И давит меня это небо и гнет —
вот так она любит меня.[1]
Весь риторический инструментарий здесь только собирает и копит особое электричество для ударного разряда в слове “так”. Как любит? Вот ТАК. Интонационное ударение и оправдывает, и упраздняет “поэтическую” риторику: делает ее попутными обстоятельствами, необходимыми для верного угадывания (считывания) интонации, — то есть того опыта, который она призывает. Первые песни Окуджавы как раз обнаруживали такой опыт, общий для автора и слушателя. До них эти слишком будничные, слишком частные вещи не казались возможным стиховым материалом (а никаких “лианозовцев” мы тогда не знали). Как будто твои же реплики из недавнего разговора кто-то слегка переиначил, положил на музыку и теперь поет — для тебя, при тебе, о тебе (судьба-судьбы-судьбе). “Дождусь я лучших дней и новый плащ одену”…
Только потом, много лет спустя, стала ощущаться скрытая неловкость, в которой стесняешься признаться себе самому. Звучание немного изменилось, не тот, не тот звук. (Время изменилось.) Сомнительность, которую приобрело само слово “шестидесятник”, коснулась и песен Окуджавы. Я думаю, что это в основном особенности нашего слуха, который способен на многое, на рефлекторное предательство в том числе. Спрашивается, ради чего? Ради нового времени и нового самоотождествления.
Окуджава действительно, в самом буквальном смысле, поэт душевный. Он колдует непосредственно над нашей душой, и больше того: наша сама частично состоит из его песенок. В том-то и дело. А она, наша душа, нам как-то разонравилась (и поделом). “Но первый звук Хотинской Оды / Нам первым криком жизни стал,” — писал Ходасевич. А нам? Обидно все же, что нам первым криком жизни стал не одический глас, а гитарный перебор. Но переносить обиду на владельца гитары совсем уж глупо, ребячливо, не по-мужски.

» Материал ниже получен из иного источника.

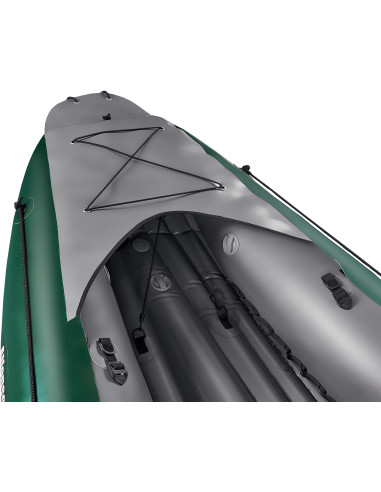 Inflatable fishing boat ALFONSO dark green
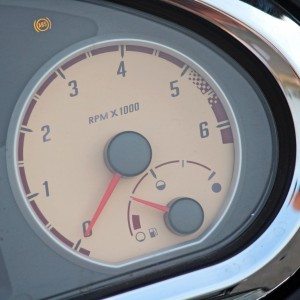 Indian Chieftain rev counter and fuel gauge
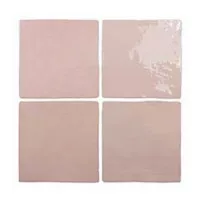 Плитка DNA Tiles Flash Bars Blush глазурованная глянцевая 13x13 настенная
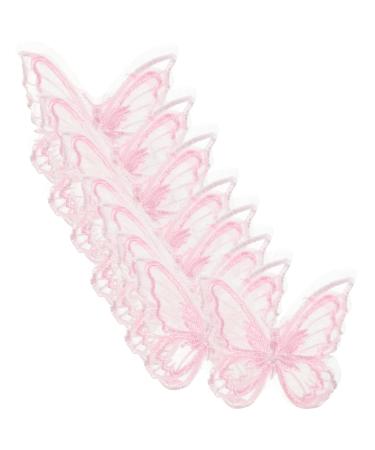 EXCEART 30pcs Mesh Butterfly Patch Dreses Handbags Bowknot Crafts Sewing Accessories Headgear Wedding Dress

Так что еще надо понять, в каком инструменте эта трещинка, этот ущерб: что именно так обаятельно фальшивит, и почему на наш слух как будто чуть расстроилась гитара гениального певца. Гениального? Это, собственно, цитата. Про “темно искаженную солдатскую частушку, сочиненную неповторимым гением”[2], сказал Набоков, сопроводив этой фразой две строчки Окуджавы в хитром английском переводе-транскрипции. Издали виднее. У нас разные поколения просто поделили между собой набоковскую характеристику.
Отношение к Окуджаве тех моих товарищей, что чуть помоложе, мне непонятно и не объяснимо даже приведенными выше соображениями. “Здесь с окуджавовской пластинкой, / Староарбатскою грустинкой…” (С.Гандлевский). Может, они действительно только на пластинках его и слышали? Там песенки все-таки подобраны: те же, да не совсем. Комиссары и оркестрики преобладали. Даже в голосе появилась на время какая-то мягкая вкрадчивость.
Раннего Окуджаву все сразу и пылко полюбили, и он пошел навстречу нашей любви. Мы присвоили его, а он подчинился. Лирическая интонация Окуджавы была пронзительной и точной, когда была сугубо частной. Обобществление этой интонации стало для него временной катастрофой, вероятно, и заставившей надолго отказаться от сочинения песен. Но не на ней надо было бы основывать посмертное суждение.
В шестидесятые годы мы просто не задавались определением дара любимого певца, как не задумываются над составом воздуха. (Не помню, кстати, тогда и потом ни одной толковой статьи об Окуджаве, но может быть, пропустил.) “Гениально!” произносилось как синоним “очень нравится”. Окуджава продолжает очень нравиться и сейчас. Это трудно объяснить инерцией вкуса и возраста, потому что очень немногие симпатии того времени перешли в другие времена. А голос Окуджавы остался с нами, десятки его песен по-прежнему (и по-новому) прекрасны. Они спаслись и, надо надеяться, спаслись окончательно — на все времена, сколько их там предстоит.